"I love the law," lied Amanda Marshall, who actually just loved putting people in cages. |
As we were recently reminded, lying to federal investigators is a monumentally serious criminal offense, except when it isn’t. While the language of the relevant statute is unambiguous, the practice of applying it is a science of single instances, since such decisions depend entirely on the professional identity of the suspect.
Aspiring global imperatrix Hillary Clinton is the most conspicuous recent beneficiary of the “Justice” Department’s deference to the privileged and powerful, but she is not the only one. Former US Attorney for Oregon Amanda Marshall has similarly been spared the prospect of five years in prison by a similar decision not to prosecute her for multiple violations of federal laws during an investigation of her official misconduct.
For more than a year, Marshall – who is married with three children – carried out an affair with a subordinate named Scott M. Klein, who eventually ended the relationship. The affair itself violated standards of professional conduct and, possibly, federal sexual harassment statutes. There is no ambiguity about the fact that Marshall’s behavior after the relationship ended – barraging Klein with unwanted and sexually explicit emails and texts –violated harassment laws.
Klein filed a complaint, which prompted an investigation by the Justice Department’s Office of Inspector General. Marshall, who was still Klein’s superior, lied to investigators about the nature of their former relationship. She also lied to Klein by telling him that he was the one facing official scrutiny and potential prosecution, and advising him not to speak with investigators.
Marshall’s actions – which were undertaken with clear criminal intent –constituted deliberate violations of 18 U.S. Code sec. 1001, criminalizing “materially false, fictitious, or fraudulent statement[s] or representation[s]” to federal investigators, and 18 U.S. Code sec. 1505, which makes it a felony to impede or obstruct a federal investigation.
Martha Stewart, it should be recalled, was sent to prison after being found guilty of lying to FBI and SEC investigators regarding the details of a stock transaction that was perfectly legal.
“This criminal case is about lying – lying to the FBI, lying to the SEC, lying to investors,” insisted the US Attorney for the Southern District of New York as he announced the charges against Stewart. “Martha Stewart is being prosecuted not for who she is, but because of what she did.”

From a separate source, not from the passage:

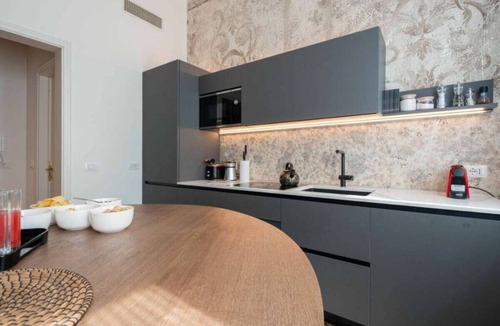 Cannaregio Apartment | Grand Cannaregio Residence with Private Terrace, 6 Bedrooms & 6.5 Bathrooms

The official who made that announcement was a rising federal prosecutor named James Comey, who rather famously applied a different standard in a more recent case involving a celebrity suspected of lying to the FBI.
In April 2015, Marshall resigned from her position as a subsidized accuser, claiming that she was seeking treatment for post-traumatic stress disorder. She is now privately practicing law in McMinnville. Her trauma, assuming it existed, was not induced by the prospect of prosecution and possible incarceration. She was never in peril of being treated like a Mundane.
The OIG announced its findings on June 16 without releasing its report. Marshall, who faces an immeasurably small possibility of professional discipline by the Oregon Bar, offered the most perfunctory gesture of affected contrition, claiming to be “deeply sorry” and promising to “spend the rest of my life trying to make amends.”
If Amanda Marshall had behaved in precisely the same fashion as an executive in a private corporation, a significant portion of her life would be stolen from her by the system she dutifully served as a prosecutor. Like so many other feeders of Regime’s carceral apparatus, Marshall was a stranger to the concept of official leniency until she was its privileged beneficiary.
“I’ve always been attracted to justice, and I love the law,” Marshall preened in an interview with an Oregon State University alumni magazine. “I’ve always been drawn to the security that the law provides. It is the great equalizer, and the best tool we have for fairness.”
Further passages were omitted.